Delante de él, en un recodo del río, al otro lado de la ciénaga, un abigarrado grupo de mujeres, de voces sonoras y alegres, removían el heno desparramado por el campo y lo disponían en hileras grisáceas y ondulantes, que contrastaban con el verde claro de los rastrojos. Las seguían hombres con horcas, que transformaban esas hileras en montones anchos, altos y esponjosos. A la izquierda, por el prado segado, rechinaban los carros. Uno tras otro los montones fueron desapareciendo, levantados por enormes horcas, transformados en enormes carretadas de oloroso heno que se desbordaban sobre las grupas de los caballos.

—¡Un tiempo estupendo para la siega! ¡Ya verá qué heno vamos a tener! —dijo el viejo, sentándose al lado de Levin—. ¡Más que heno parece té! ¡Los muchachos lo recogen como si estuvieran echando grano a los patos! —añadió, señalando los montones, cada vez más altos—. Desde la hora de la comida se han llevado ya la mitad. ¿Es el último? —le gritó a un mozo que iba de pie en la parte delantera de un carro, sacudiendo las puntas de las riendas de cáñamo.

—¡El último, padrecito! —respondió el mozo, reteniendo el caballo un momento. Luego se volvió, contempló sonriente a una mujer de cara alegre, sonrosada y risueña, que iba sentada en el carro, y arreó al caballo.

—¿Quién es? ¿Tu hijo? —preguntó Levin.

—El pequeño —respondió el viejo con una tierna sonrisa.

—¡Qué buen mozo!

—No es mal muchacho.

—¿Está casado?

—Hará dos años el día de San Felipe.

—¿Y tiene hijos?

—¿Hijos? Durante un año entero no se ha enterado de nada, y hasta le daba vergüenza —replicó el viejo—. ¡Vaya heno! ¡Igualito que el té! —repitió, deseando cambiar de conversación.
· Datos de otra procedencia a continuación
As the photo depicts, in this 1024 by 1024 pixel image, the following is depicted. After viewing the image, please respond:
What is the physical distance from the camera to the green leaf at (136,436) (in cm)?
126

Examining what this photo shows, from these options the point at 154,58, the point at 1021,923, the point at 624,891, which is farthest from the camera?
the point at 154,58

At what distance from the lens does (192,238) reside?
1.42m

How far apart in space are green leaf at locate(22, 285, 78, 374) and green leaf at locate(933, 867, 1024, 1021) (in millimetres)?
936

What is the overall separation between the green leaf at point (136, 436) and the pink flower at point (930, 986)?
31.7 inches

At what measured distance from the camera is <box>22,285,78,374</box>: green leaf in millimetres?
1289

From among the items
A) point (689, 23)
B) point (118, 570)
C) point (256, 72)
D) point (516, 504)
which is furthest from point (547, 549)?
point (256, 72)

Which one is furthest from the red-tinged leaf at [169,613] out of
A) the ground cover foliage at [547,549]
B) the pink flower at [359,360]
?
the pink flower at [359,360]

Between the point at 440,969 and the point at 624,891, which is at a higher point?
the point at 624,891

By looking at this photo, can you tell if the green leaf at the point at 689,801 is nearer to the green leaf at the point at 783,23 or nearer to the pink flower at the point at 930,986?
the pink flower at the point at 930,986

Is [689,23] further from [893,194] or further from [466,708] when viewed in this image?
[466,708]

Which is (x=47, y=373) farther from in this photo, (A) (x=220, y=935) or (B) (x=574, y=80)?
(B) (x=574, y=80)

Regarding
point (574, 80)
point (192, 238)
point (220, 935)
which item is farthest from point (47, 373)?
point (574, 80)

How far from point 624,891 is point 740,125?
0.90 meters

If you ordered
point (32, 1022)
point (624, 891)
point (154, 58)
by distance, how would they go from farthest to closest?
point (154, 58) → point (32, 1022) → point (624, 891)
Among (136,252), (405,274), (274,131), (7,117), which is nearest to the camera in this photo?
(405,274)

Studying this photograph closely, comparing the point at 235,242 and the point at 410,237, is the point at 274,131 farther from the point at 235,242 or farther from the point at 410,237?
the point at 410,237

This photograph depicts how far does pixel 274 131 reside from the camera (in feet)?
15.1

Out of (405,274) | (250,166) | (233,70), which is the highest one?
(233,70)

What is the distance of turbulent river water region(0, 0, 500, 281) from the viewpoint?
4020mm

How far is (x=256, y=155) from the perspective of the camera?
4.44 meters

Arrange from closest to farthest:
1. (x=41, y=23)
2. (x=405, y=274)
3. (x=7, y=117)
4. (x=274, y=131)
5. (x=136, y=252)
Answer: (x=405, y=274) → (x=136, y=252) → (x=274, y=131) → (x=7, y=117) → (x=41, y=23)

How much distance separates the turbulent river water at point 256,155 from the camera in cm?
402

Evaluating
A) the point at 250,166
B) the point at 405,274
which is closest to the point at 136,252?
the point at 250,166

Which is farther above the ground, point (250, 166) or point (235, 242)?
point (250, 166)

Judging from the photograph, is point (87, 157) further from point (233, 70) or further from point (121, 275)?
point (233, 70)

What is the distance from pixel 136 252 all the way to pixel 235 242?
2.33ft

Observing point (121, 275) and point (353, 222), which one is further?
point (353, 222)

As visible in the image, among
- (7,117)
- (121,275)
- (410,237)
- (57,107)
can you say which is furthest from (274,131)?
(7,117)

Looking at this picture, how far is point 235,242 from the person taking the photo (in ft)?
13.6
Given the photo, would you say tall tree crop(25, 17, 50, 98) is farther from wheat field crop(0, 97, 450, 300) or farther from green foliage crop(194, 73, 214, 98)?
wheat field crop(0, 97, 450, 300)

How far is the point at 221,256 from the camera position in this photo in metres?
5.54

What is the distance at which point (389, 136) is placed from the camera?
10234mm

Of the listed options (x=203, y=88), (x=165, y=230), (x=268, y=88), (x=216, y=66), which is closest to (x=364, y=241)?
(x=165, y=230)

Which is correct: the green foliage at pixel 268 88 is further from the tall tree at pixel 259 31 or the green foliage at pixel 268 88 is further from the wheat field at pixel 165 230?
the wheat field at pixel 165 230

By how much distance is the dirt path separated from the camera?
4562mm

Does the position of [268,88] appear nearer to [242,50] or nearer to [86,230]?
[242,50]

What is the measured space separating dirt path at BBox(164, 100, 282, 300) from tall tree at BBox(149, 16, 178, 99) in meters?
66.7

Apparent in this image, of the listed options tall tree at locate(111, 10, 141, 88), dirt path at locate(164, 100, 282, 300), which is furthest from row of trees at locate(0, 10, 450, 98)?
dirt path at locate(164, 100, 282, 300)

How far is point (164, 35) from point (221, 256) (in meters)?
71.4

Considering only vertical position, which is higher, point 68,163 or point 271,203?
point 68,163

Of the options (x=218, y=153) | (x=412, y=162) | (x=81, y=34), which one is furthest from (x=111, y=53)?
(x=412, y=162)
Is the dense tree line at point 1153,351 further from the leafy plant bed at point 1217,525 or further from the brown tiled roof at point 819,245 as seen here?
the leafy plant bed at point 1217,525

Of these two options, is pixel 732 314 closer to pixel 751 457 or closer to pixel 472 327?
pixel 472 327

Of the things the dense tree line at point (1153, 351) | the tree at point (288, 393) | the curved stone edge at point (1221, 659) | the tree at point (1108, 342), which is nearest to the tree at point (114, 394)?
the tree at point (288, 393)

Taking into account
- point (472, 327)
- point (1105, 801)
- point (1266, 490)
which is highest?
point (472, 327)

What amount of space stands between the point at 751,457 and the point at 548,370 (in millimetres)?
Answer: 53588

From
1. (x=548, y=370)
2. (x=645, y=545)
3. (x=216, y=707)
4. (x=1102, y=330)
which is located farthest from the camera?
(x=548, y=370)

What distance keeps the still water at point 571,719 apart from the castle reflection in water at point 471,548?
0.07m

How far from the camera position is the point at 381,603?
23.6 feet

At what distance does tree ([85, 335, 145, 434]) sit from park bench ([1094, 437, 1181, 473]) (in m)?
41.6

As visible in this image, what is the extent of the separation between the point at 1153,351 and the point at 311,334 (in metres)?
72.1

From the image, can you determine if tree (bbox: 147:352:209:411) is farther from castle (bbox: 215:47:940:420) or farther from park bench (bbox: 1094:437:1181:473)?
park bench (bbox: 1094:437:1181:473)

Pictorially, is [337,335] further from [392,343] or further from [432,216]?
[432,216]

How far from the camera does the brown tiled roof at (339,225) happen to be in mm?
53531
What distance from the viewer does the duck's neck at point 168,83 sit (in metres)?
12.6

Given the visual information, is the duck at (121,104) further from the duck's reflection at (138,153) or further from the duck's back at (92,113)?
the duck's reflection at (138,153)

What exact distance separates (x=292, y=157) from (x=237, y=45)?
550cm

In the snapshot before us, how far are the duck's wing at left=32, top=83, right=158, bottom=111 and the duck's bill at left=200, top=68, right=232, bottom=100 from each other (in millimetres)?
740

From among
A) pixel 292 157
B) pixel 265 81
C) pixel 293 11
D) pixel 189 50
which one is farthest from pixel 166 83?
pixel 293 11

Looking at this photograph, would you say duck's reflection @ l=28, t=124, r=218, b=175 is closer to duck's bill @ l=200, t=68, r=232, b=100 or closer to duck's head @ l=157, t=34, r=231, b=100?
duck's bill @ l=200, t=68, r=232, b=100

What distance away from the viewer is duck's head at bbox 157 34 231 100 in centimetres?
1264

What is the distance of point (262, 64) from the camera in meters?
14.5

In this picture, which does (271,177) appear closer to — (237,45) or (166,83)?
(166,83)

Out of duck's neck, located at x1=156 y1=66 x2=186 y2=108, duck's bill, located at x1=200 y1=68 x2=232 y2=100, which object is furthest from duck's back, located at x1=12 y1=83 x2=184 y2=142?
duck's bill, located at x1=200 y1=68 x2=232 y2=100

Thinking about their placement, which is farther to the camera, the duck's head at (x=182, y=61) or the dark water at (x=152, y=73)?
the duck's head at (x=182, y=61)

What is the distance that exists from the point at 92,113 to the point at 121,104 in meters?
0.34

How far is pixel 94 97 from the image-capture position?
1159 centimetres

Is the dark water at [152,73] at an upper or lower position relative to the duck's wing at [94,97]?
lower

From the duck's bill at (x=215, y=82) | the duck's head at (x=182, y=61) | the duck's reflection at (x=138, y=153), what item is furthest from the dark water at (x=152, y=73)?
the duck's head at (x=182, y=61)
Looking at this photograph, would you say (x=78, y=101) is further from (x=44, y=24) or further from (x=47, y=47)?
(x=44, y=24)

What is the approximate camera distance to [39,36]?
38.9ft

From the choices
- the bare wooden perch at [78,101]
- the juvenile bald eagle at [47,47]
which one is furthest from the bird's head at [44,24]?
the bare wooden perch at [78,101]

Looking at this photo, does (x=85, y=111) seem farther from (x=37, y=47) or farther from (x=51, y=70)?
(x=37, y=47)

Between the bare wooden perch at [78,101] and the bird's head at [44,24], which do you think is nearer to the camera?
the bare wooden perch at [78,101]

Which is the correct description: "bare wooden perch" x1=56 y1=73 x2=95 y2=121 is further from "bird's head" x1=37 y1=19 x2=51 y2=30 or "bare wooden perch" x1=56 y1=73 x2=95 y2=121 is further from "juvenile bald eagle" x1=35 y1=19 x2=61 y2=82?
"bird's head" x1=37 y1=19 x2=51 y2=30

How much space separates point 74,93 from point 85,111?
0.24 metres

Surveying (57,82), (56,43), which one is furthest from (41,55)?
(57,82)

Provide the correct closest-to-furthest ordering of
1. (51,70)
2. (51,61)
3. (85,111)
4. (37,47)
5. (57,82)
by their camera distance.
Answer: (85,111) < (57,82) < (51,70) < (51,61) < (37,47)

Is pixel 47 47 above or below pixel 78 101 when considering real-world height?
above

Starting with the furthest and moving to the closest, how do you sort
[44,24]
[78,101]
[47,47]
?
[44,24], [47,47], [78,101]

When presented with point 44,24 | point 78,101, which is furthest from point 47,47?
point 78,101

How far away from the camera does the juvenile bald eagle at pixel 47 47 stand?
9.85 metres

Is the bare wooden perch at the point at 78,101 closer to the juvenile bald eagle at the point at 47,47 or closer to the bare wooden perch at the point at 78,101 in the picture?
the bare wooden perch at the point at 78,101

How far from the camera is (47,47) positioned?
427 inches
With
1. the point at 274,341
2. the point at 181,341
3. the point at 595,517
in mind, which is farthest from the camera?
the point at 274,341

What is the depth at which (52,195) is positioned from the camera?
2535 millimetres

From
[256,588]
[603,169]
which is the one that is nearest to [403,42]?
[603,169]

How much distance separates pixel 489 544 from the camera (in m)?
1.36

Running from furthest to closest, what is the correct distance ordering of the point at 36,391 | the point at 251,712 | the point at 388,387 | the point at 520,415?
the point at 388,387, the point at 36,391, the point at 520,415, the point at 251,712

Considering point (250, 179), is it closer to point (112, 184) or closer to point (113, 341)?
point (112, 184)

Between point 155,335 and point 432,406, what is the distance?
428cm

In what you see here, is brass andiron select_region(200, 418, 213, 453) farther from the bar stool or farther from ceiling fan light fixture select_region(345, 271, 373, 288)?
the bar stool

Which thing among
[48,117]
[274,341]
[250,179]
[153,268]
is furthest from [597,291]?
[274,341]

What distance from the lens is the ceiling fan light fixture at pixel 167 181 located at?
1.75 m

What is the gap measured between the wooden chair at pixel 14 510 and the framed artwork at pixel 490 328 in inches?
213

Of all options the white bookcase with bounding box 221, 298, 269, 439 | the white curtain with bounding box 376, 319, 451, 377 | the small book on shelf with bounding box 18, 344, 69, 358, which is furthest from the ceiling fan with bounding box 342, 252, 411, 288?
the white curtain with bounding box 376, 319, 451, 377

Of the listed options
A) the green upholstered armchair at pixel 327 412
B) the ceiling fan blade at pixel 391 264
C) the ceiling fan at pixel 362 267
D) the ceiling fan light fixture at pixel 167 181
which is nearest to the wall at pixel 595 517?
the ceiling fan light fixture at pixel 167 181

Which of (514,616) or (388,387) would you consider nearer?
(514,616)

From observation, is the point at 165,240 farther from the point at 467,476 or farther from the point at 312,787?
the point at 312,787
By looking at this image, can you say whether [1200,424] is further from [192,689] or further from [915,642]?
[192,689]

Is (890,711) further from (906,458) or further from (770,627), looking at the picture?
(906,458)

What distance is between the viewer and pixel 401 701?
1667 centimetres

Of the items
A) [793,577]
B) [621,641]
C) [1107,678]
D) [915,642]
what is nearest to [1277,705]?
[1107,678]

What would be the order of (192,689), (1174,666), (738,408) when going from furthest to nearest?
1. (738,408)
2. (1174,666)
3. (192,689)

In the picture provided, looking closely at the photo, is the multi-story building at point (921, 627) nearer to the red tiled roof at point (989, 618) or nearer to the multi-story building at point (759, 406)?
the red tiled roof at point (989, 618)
Levin contempló con mayor atención a Vanka Parménov y a su mujer. Estaban cargando heno no lejos de allí. Iván Parménov, de pie en el carro, recibía, extendía y aplastaba los enormes montones de heno que su joven y bella esposa le entregaba, primero con los brazos y después con ayuda de una horca. La joven trabajaba con alegría, moviéndose con agilidad y desenvoltura. No era fácil coger con la horca el heno apelmazado y prensado. Primero lo ahuecaba, luego hundía la horca, descargaba todo el peso de su cuerpo, con un movimiento rápido y ligero, y doblaba la espalda; a continuación se enderezaba y, con el opulento pecho marcándose por debajo de la blusa blanca, ceñida con un cinturón rojo, blandía con habilidad la horca y arrojaba los montones en el carro. Con el propósito evidente de ahorrarle cualquier esfuerzo superfluo, Iván se apresuraba a abrir los brazos, cogía el heno y lo depositaba en el fondo. Después de rastrillar los montones más menudos, la mujer se sacudió las briznas que se le habían pegado al cuello y, arreglándose el pañuelo rojo, que se le había caído sobre la frente blanca, aún no tostada por el sol, se metió debajo del carro para atar la carga. Iván le indicaba el modo de amarrar las cuerdas a la vara inferior del carro, y a un comentario de su mujer, estalló en una carcajada. En los rostros de ambos se reflejaba un amor intenso, juvenil, recién despertado.